Currently, the NCAA Division I men's college basketball tournament fields 65 teams, accommodating 31 conference champions and 34 at-large bids. The whole thing lasts three weeks, with two rounds played each weekend.
It is, aside from the Super Bowl, the nation's biggest sporting event, with diehard fans pitting their picks against those from people who don't know a screen-and-roll from a box-and-one.
The Badgers have made the field every year since 1999, including all nine years under head coach Bo Ryan, so fans here tend to take the tournament for granted. But ask North Carolina, which won it all last year but owns a 16-15 record this year, how it feels to be left out of the "Big Dance."

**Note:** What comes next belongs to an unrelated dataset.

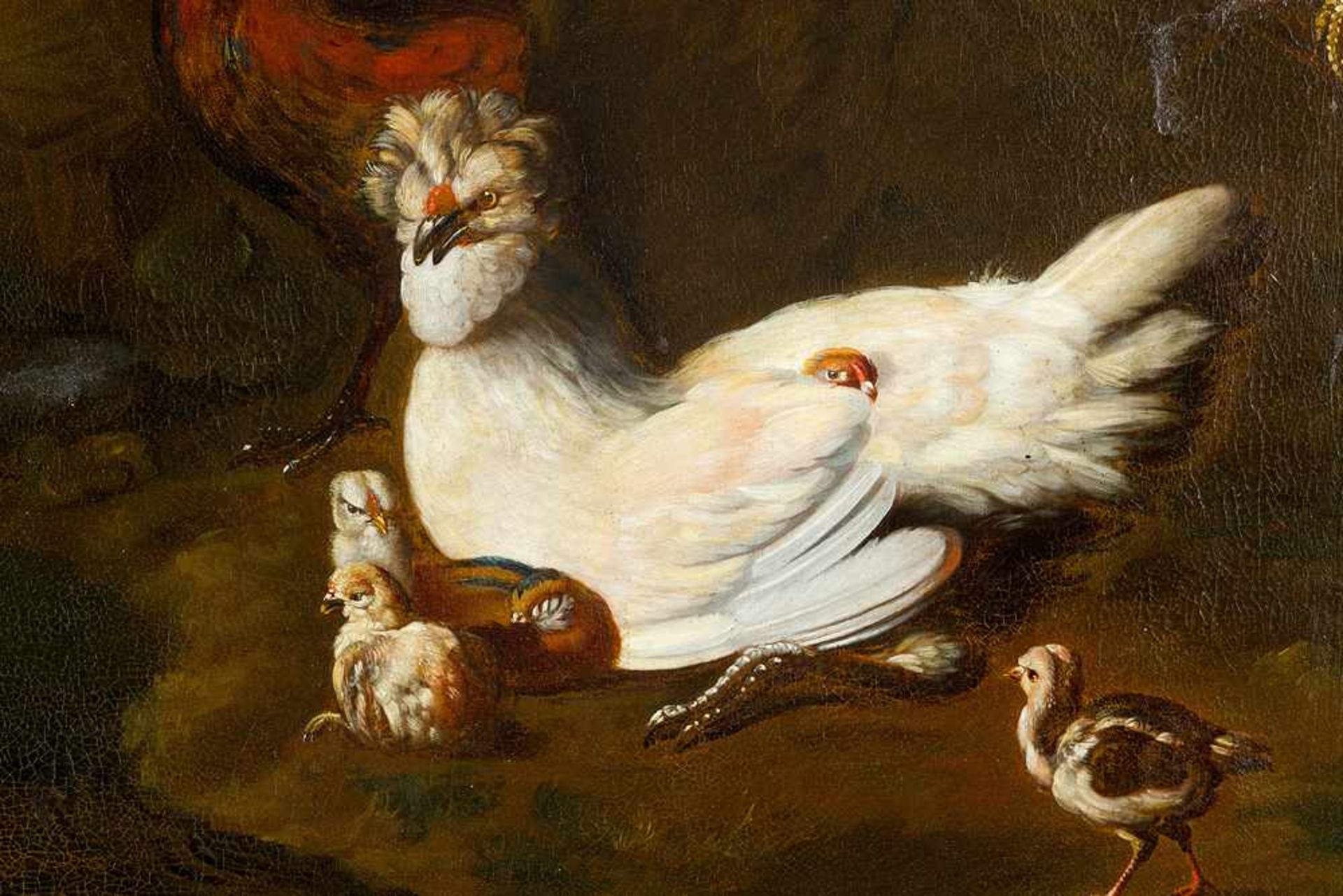 Tobias Stranover (1684-1756)-attributed, Birds in landscape, oil on canvas, framed. - Bild 3 aus 3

Now there's a movement under way to expand the tournament to as many as 96 teams. Ryan has been a vocal proponent, going so far as to label those who prefer the current tourney as "ill-prepared intellectually." He notes that whereas over half of all college football teams play in bowl games, less than 20% of Division I hoops teams are similarly rewarded with a tournament spot.
Ryan, a board member of the National Association of Basketball Coaches, is carrying water for his peers, many of whom are under heavy pressure to make the cut. More slots means fewer firings each year.
But it also means less excitement over who gets picked, and less enthusiasm for the slate of conference tournaments. Adding more teams takes a little of the madness out of March, and who wants that?